How have I not known this all along? Because I’m human, and weak in places, just like everybody else. Because I live in America and beauty is SO subjective. Because I’m cynical about desire and love and sex. Because I have always had a hard time believing good things about myself, or that the good things outweigh the bad*.

And why the disbelief? See: all of the above.

Perhaps most importantly, why am I thinking/talking about this now? Because someone truly fabulous called me a Hot Girl last night. I’ve been called nice things before (by some pretty damned fabulous people, too), and hopefully will be again. I’ve been courted, pursued, stalked, admired, feted, loved, lusted after, celebrated, treated with respect, the subject of songs and poems and art… and it ALWAYS surprises me. Every time. ok. almost always. Sometimes extra especially. And a lot of times, it’s been the opposite. One boy that I lusted after told me that it could never happen because he only likes “anorexic chicks”**. One boy, THE boy, my then-and-still One True Love, told me that he was only attracted to me when he was close to me (perhaps nekkid, in the dark? Punkass.) and that memory will never leave me***. And lots of boys overlook me because I’m fat, or whatever, even some that I wish were better people than that – but I do understand. You want what you want. I am just as “guilty” of this as anyone. I just don’t think you should tell someone these things AFTER you’ve … taken physical advantage of their desire and admiration.
Despite those times, those people and those comments, it has been the good things that people have said and done that have helped to build my confidence. It’s the bad things (the ones that have been said to me and the ones I see in the mirror vs. magazine covers) that make me doubt, but it’s the confidence that makes me a Hot Girl. Maybe the doubt is the only thing that curbs my arrogance and perhaps that adds to the overall effect, too…
The one thing that people say to me again and again when courting or complimenting is that it’s the way I “carry myself”. Will (Justin) Martin told me in college that he wanted to meet me because when I walked across campus, it looked as if my “feet didn’t even touch the ground”. Moo. I think it’s that I love myself, and I love life. And that shows.

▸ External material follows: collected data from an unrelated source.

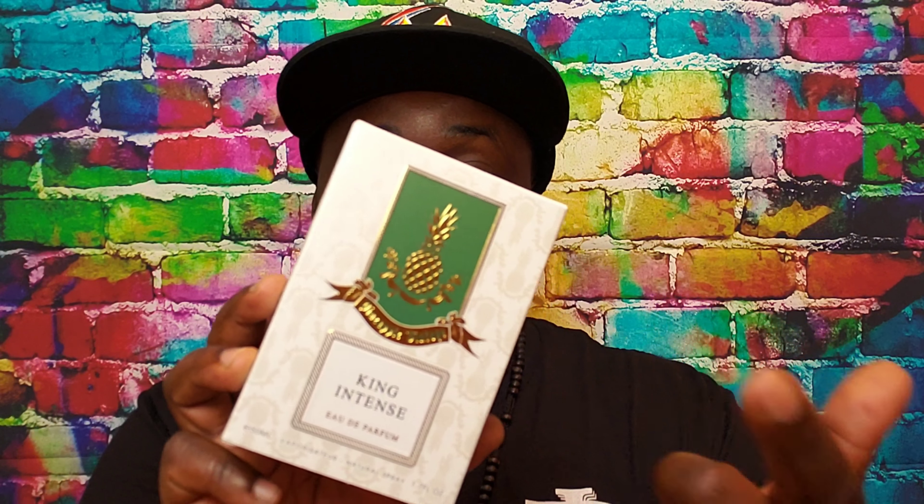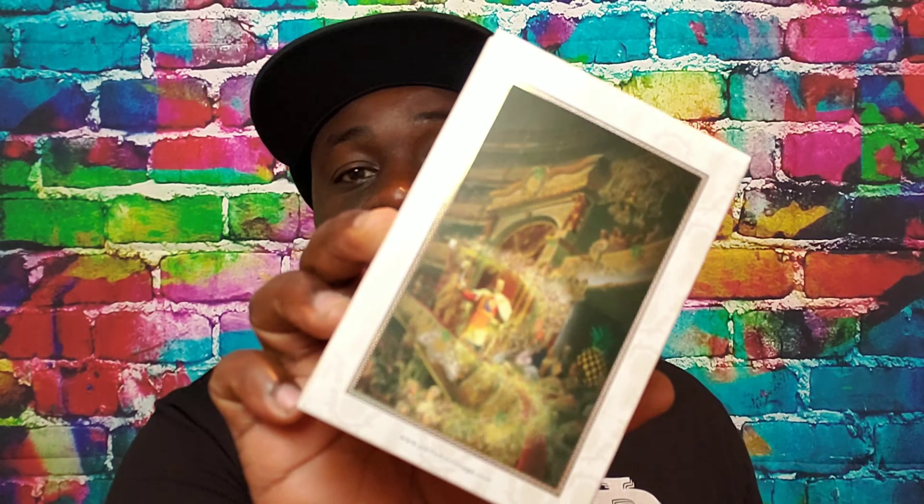First off, the presentation. If you've bought any of the Parfums Vintage Aventus renditions, all the boxes pretty much look the same except for Noir. The Parfums Vintage box has that Creed look to it, has a pineapple background, and with the crest of the pineapple on the front says King Intense. On the back it has that same beautiful interesting mural, which I think is pretty cool. The fragrance itself uses the same standard bottle that Parfums Vintage uses, whether the 50ml or 100ml — this is the 50ml — and it has a wooden cap.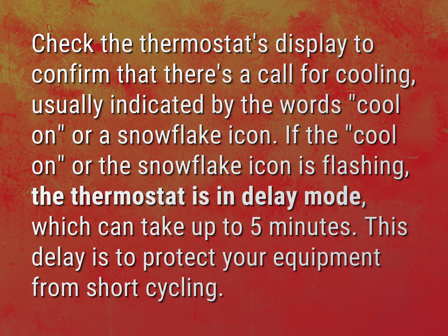Check the thermostat's display to confirm that there's a call for cooling, usually indicated by the words 'cool on' or a snowflake icon. If the 'cool on' or the snowflake icon is flashing, the thermostat is in delay mode, which can take up to five minutes. This delay is to protect your equipment from short cycling.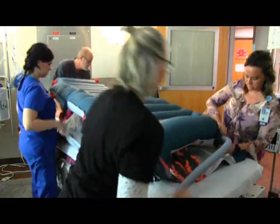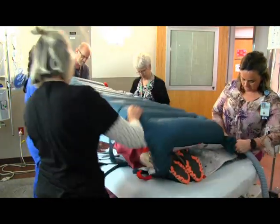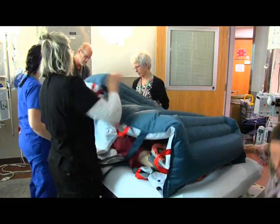Once in the prone position, the mat is deflated and removed, and the patient is positioned using the bottom mat.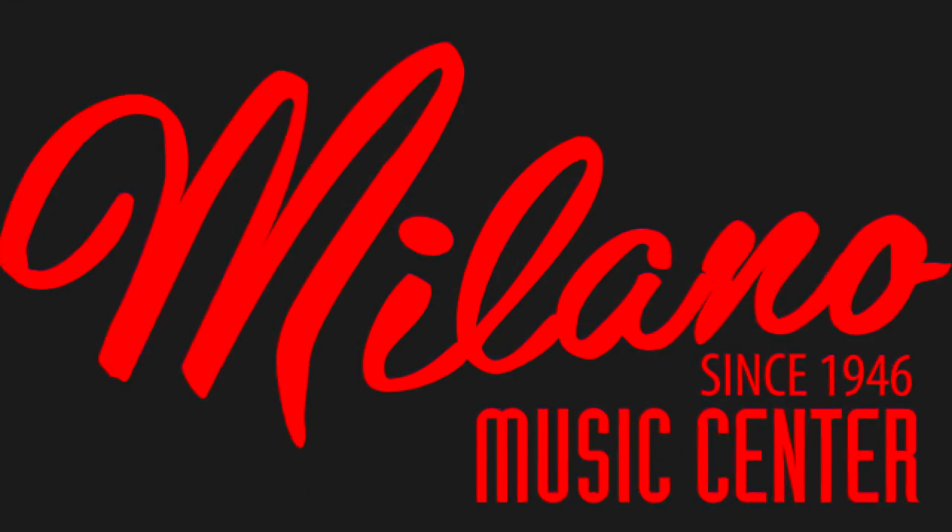If you have any questions about anything you've seen in this video, please give us a call at 480-827-1111.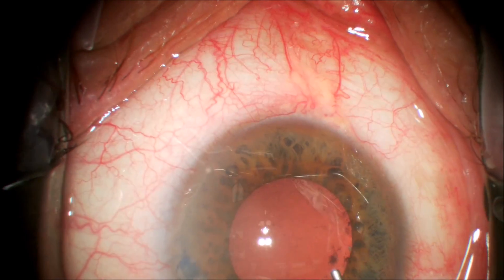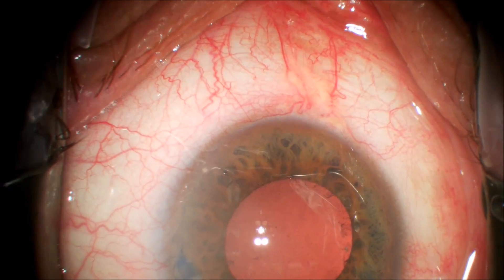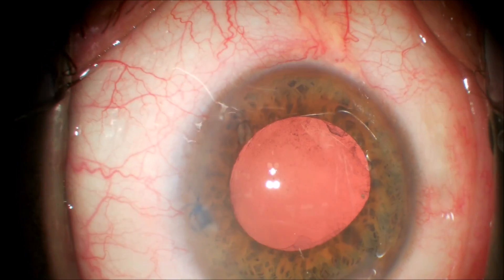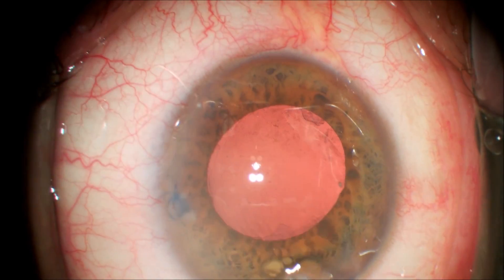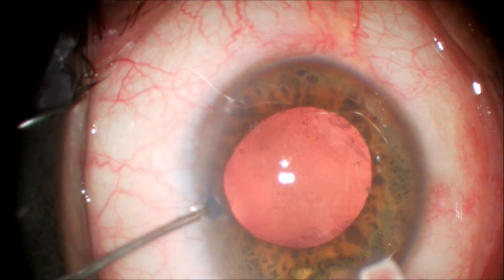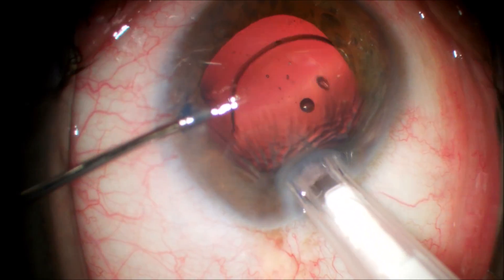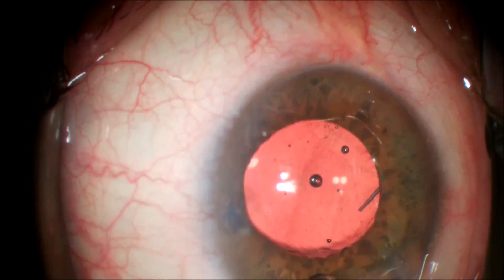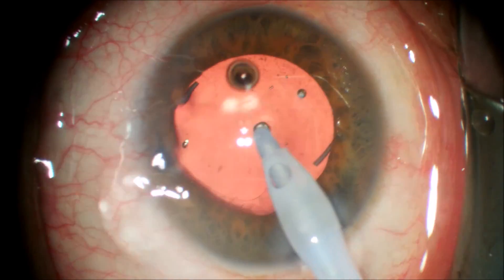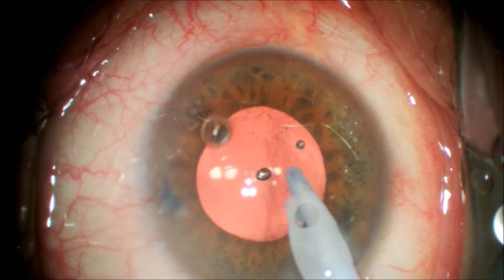We're going to fill the capsular bag with a cohesive viscoelastic. As this is an intact can opener capsulotomy, we're going to inject a three-piece silicone lens into the capsular bag. We placed three-piece lenses in the capsular bag often when we did extracapsular cataract extraction — I don't think a can opener capsulotomy is a contraindication to this. We inject the silicone three-piece LI-61AO into the capsular bag and it easily centers. We then remove the residual viscoelastic — in this case it is Healon — and any cortical material that remains in the anterior chamber.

What physical beauty I do have will fade – is fading. I have been feeling pretty… faded since I hit 35. I’ve had a lot of sad, funny, cynical thoughts about love and sex and romance in the past several months, and I’m sure that they will come again – with a vengeance. I had decided to give it up, just be asexual (yeah, me and Morrissey) and try hard not to care, and to learn some more about myself and the world. And all of this was affecting my attitude in a bad way. It’s just not me.
The ‘someone fabulous’ who made this nice comment last night is a bloke that I’ve long desired and admired. He is an especially beautiful person, inside and out, but someone that I would never have a chance of dating, due to life on earth being like it is… But despite life on earth being like it is (or maybe because of it) we’ve become very close friends – maybe even close enough to do away with some “despites” for a bit. Who knows? But something about the time and place, the mood and conversation when he made this comment (one of many nice things he’s said to me over the years), and I guess the particularly piquante blend of this gentleman’s OWN hotness really hit me. I thought “Wow. I’m a Hot Girl. Still. Wow.”
I honestly wish that everyone had this feeling. SO many of my friends do, and it is such a joy to celebrate it with them. I never really thought “Does K__ (or M__, or B__, or A__, etc.) doubt his or her attractiveness? Are they even really AWARE of how beautiful, sensual, delightful, amazing and attractive they are?”
I’ve always thought that it was one of my jobs in the Universe to try to let these people know. And it’s nice to realize that I believe that my opinion on this subject really matters.
So does yours, “X?”, and all of the rest of you who go out of your way to make myself and others feel good about ourselves.
Thank you, bless you.
AND ROCK YOUR OWN HOTNESS, PEEPS!
xo
-s

*THIS, however, I have been working on for a LONG time, and continue to do so, everyday. I’ve made a lot of progress…
**or MAYBE he was ticked off because I turned him down the very first time he tried to put the make on me because I was SIXTEEN and COMPLETELY clueless… sheesh.
***there’s times when I think that maybe alzheimer’s wouldn’t be SO bad…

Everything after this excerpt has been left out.